More than a few years ago, Mr. Fixit won a bit on our then new state lottery. Since it was “found” money we decided to do something totally frivolous. We bought a satellite TV system. That was when the systems were relatively new and very expensive. I hesitate to say what it cost but it took almost all of his winnings. It was worth it. Our cable service was unreliable to say the least.
A couple of years ago, the receiver on the living room TV malfunctioned and needed to be replaced. Jason had gone back to cable for their high speed internet service so he suggested that we take his satellite receivers instead of buying new ones. I simply called Directv and explained that we wanted to transfer the card from our malfunctioning receiver to a borrowed one. The old card was activated with no problem and no cost.
Last Thursday the original receiver on the TV in computer room (mine) finally gave up. Some channels were lost completely, and on others the picture was breaking up. Mr. Fixit said that we should use the other receiver that Jason had given us. When I called Directv to notify them of the change and to ask them to re-activate the old card, the young lady said that she couldn’t re-activate the old card. She explained that I had two options that, of course, would cost us money. I chose the option of getting two new receivers. She said it would take two to five days for the receivers to arrive. I thought it would be Wednesday of this week before delivery; they actually arrived Saturday afternoon. Yea! For FedEx!
Sunday Mr. Fixit decided to install the new equipment. After several hours of foreign language swearing, patronizing eye-rolling at my every attempt to lend my technical expertise, groaning, and thinning of his upper lip (I can’t figure out why and how his upper lip disappears when he gets frustrated), he finally connected the receiver, the DVD recorder, and the sound system to the television, and partially programmed the new remote. The cat had pleaded pitifully to go out at the height of our “technical discussion.” The poor thing apparently doesn’t care for slightly raised voices.
The next step was to connect the receiver and the DVD player to my television and to program the remote. It didn’t take quite as long to complete the job and the swearing, patronizing eye-rolling and the thinning of the lip thing and my reaction to it were reduced and a bit less forceful. The cat came in from outside and only hid under the bed.
I then called to have the cards activated. The young man even helped us program the remotes and we were ready for TV viewing. Later in the afternoon, when I decided to watch a DVD I discovered that I couldn’t get the sound or picture even though the DVD player was running. Uh-oh, more technical problems!

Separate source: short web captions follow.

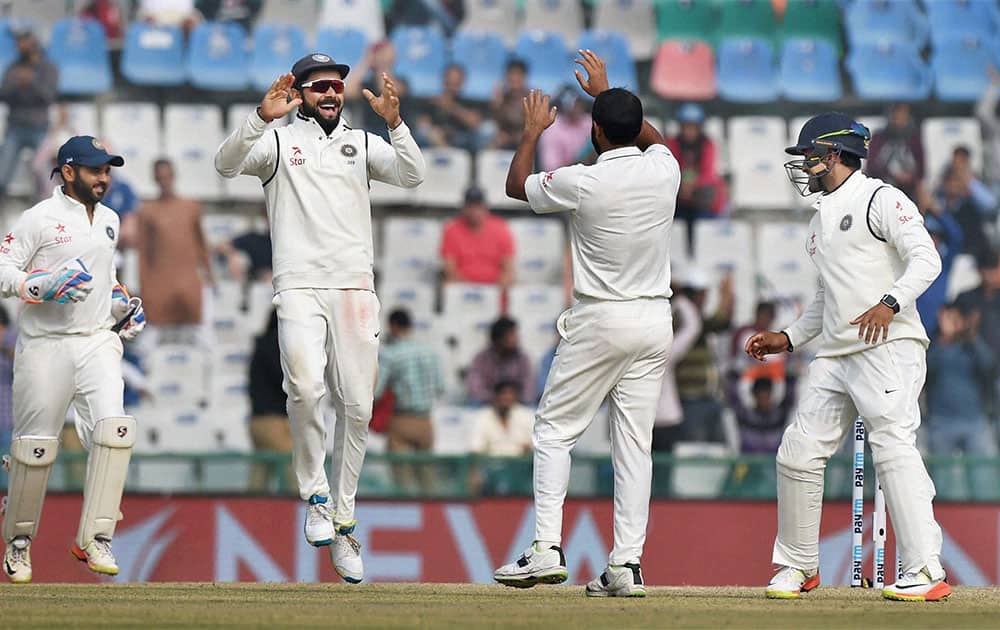 Virat Kohli celebrates with Mohammed Shami the wicket of England batsman Chris Woakes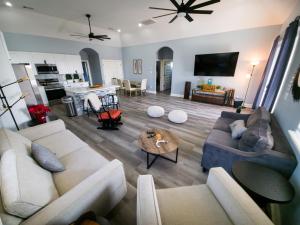 a living room with two couches and a table at The Blue House in Hitchcock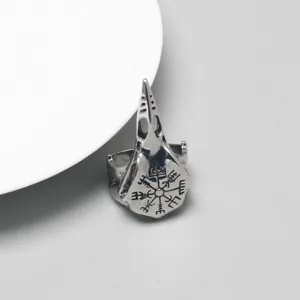 Detailed macro view of Viking crow skull ring with engraved Vegvísir rune symbols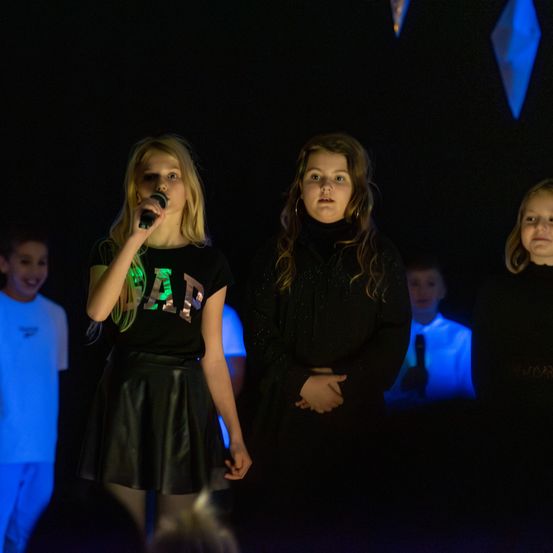 Drei junge Mädchen treten auf der Bühne unter blauem Licht auf. Das Mädchen in der Mitte hält ein Mikrofon und singt. Hinter ihr hat ein anderes Mädchen die Hände in die Taille gestemmt. Ein Junge im Hintergrund beobachtet sie.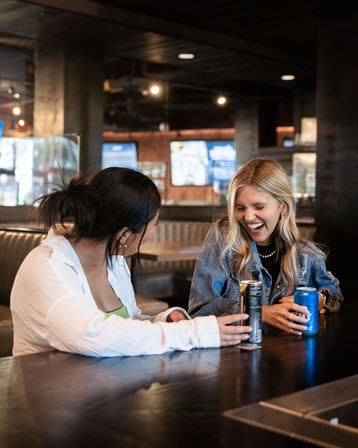 Two friends laughing at a modern urban bar booth, one in a denim jacket holding a blue can and the other in a white shirt with a tall can, casual nightlife scene with TVs and warm lighting in the background.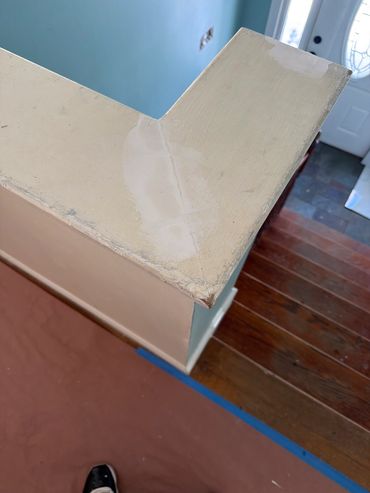 Corner of a painted wooden railing with patch repairs.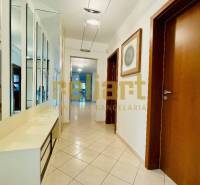 A hallway in a family house with tiles, a mirrored wall, and wooden doors.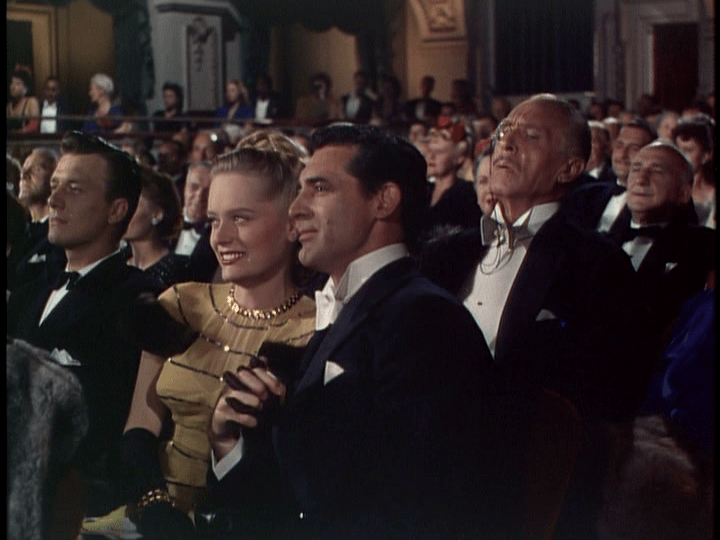 Alexis Smith and Cary Grant enjoy an evening of Cole Porter music.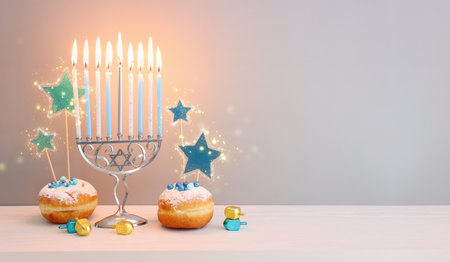 Religion image of jewish holiday Hanukkah background with menorah (traditional candelabra), doughnut and candlesの写真素材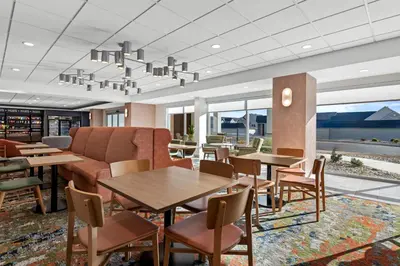 a restaurant with tables and chairs and a couch at Hampton Inn Mt. Vernon Oh in Academia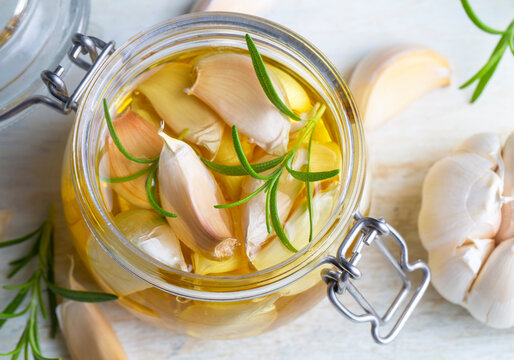 Fresh garlic and garlic oil on the wooden background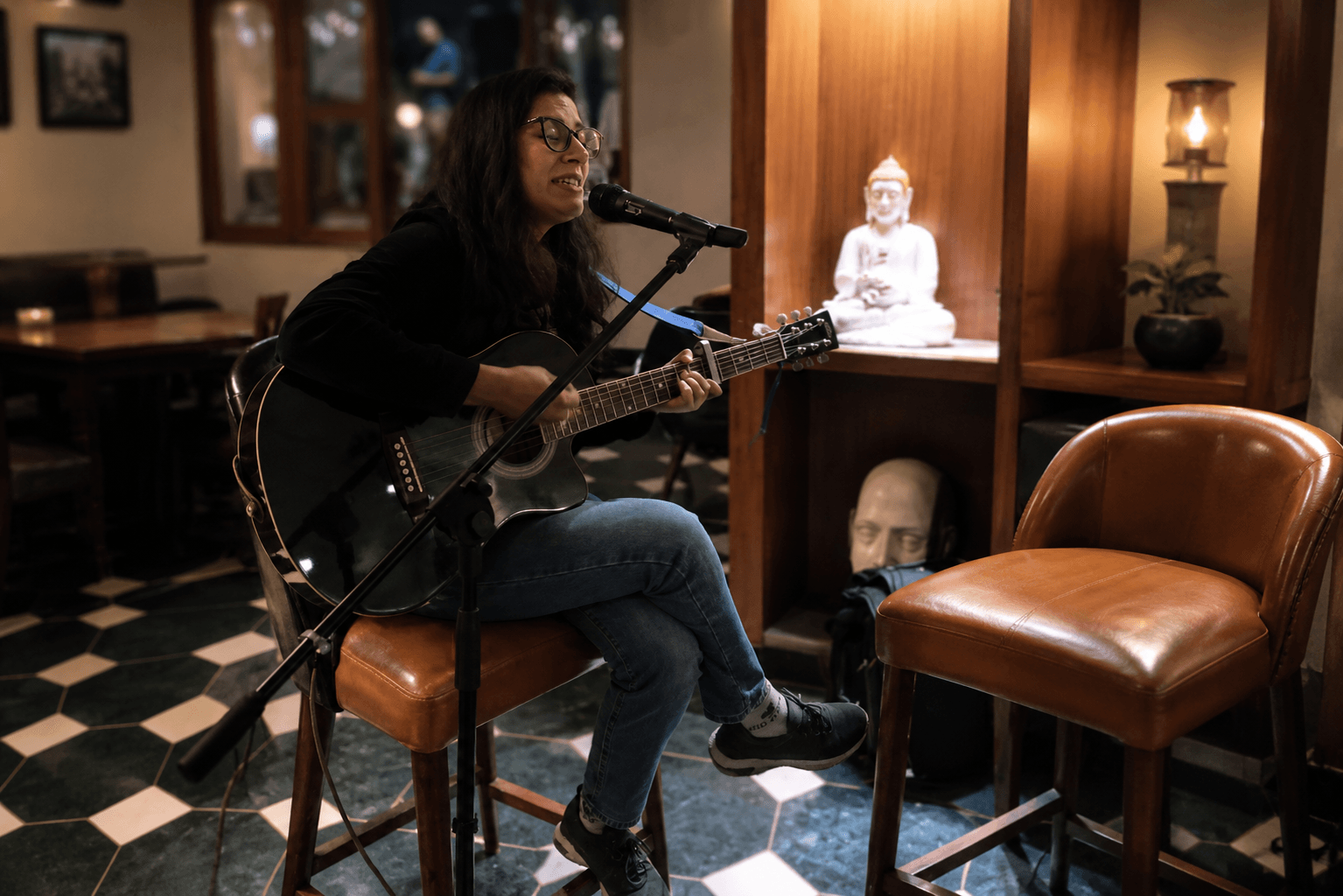 Professional female singer performing live guitar music during an intimate event in Shimla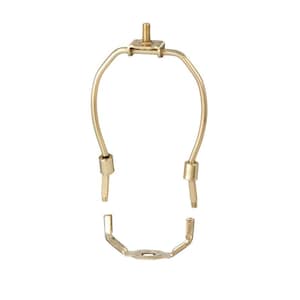 May include: A gold metal lamp harp with a round base and two curved arms. The harp is designed to hold a lampshade.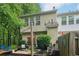 Backyard patio with seating, lush greenery, privacy fence, and string lights providing a cozy outdoor atmosphere at 3618 Berkeley Ct # Iv-A, Duluth, GA 30096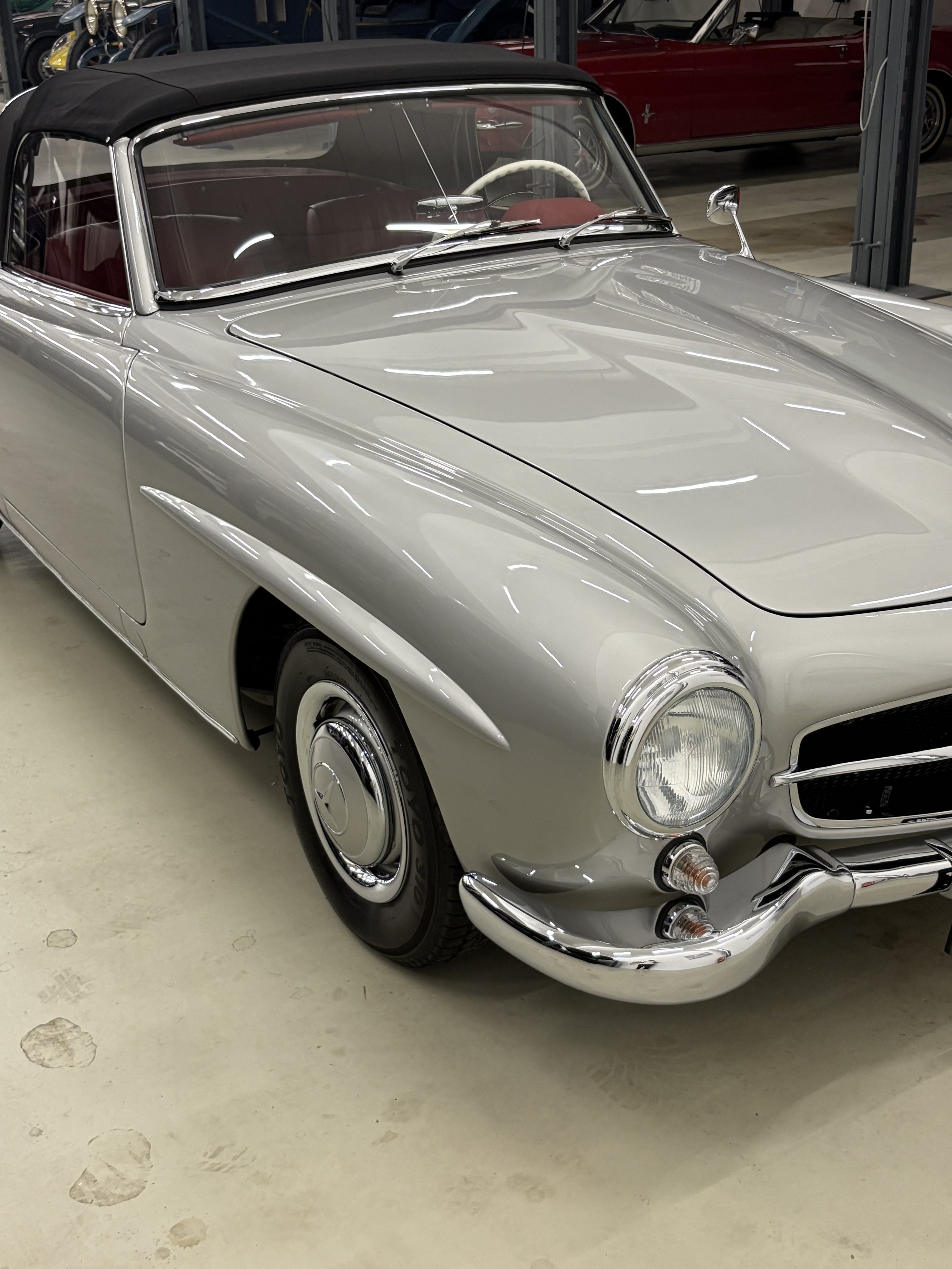 Ein silberner Oldtimer-Cabrio mit schwarzem Verdeck, vermutlich ein Mercedes-Benz 300SL, abgestellt in einer Garage.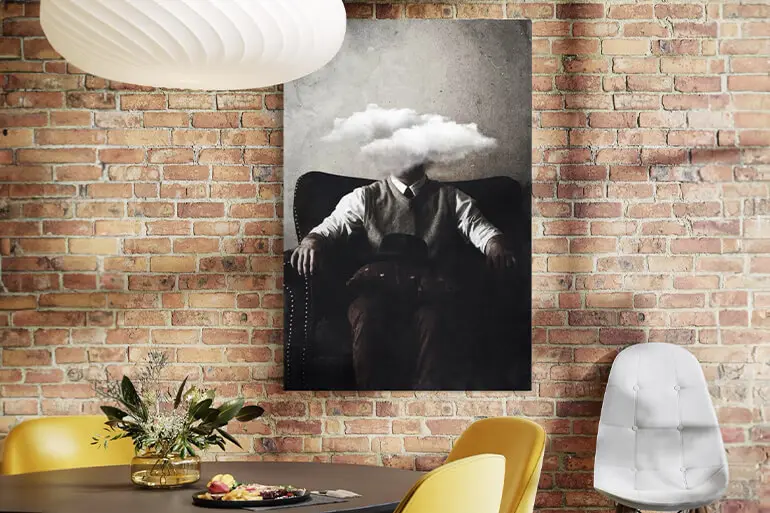 A modern office space featuring a surreal black and white portrait of a seated man with a cloud replacing his head, adding a thought-provoking and artistic touch.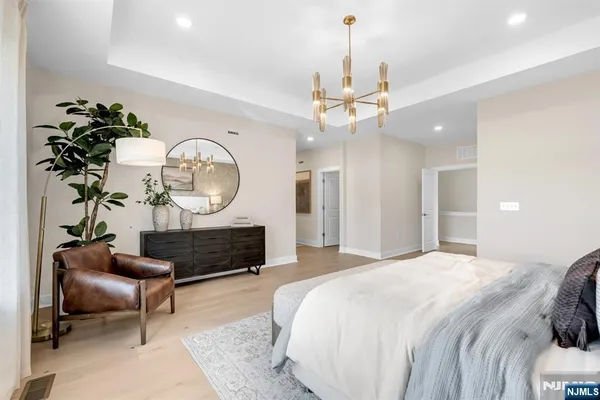 a bedroom with a bed a chandelier and a mirror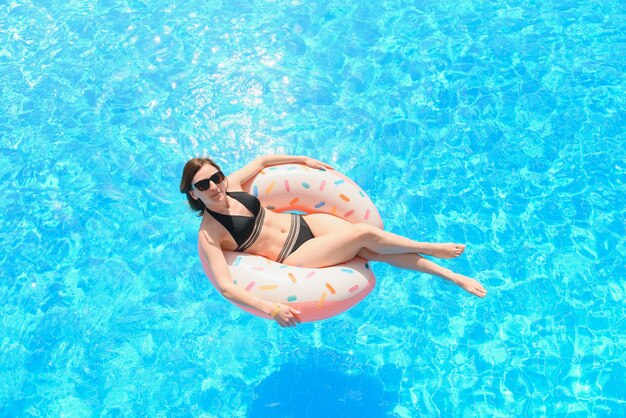 Bella giovane donna con ciambella gonfiabile in piscina blu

After several more hours of Mr. Fixit using all his God-given talents and the swearing, etc. the problem still was not solved. Jason called and offered to come over to help when he heard of our problems. Mr. Fixit continued to try to solve the problem, his frustration growing worse by the second. I suggested, “Maybe you should wait until Jason gets here. Thirty seconds after he walks in the door, it will be fixed.” Of course, that earned another eye-roll in my direction. Somehow it seems that failing to fix something is a dent in his masculinity and to his ego.
Jason finally arrived. Thirty seconds later my DVD player was working.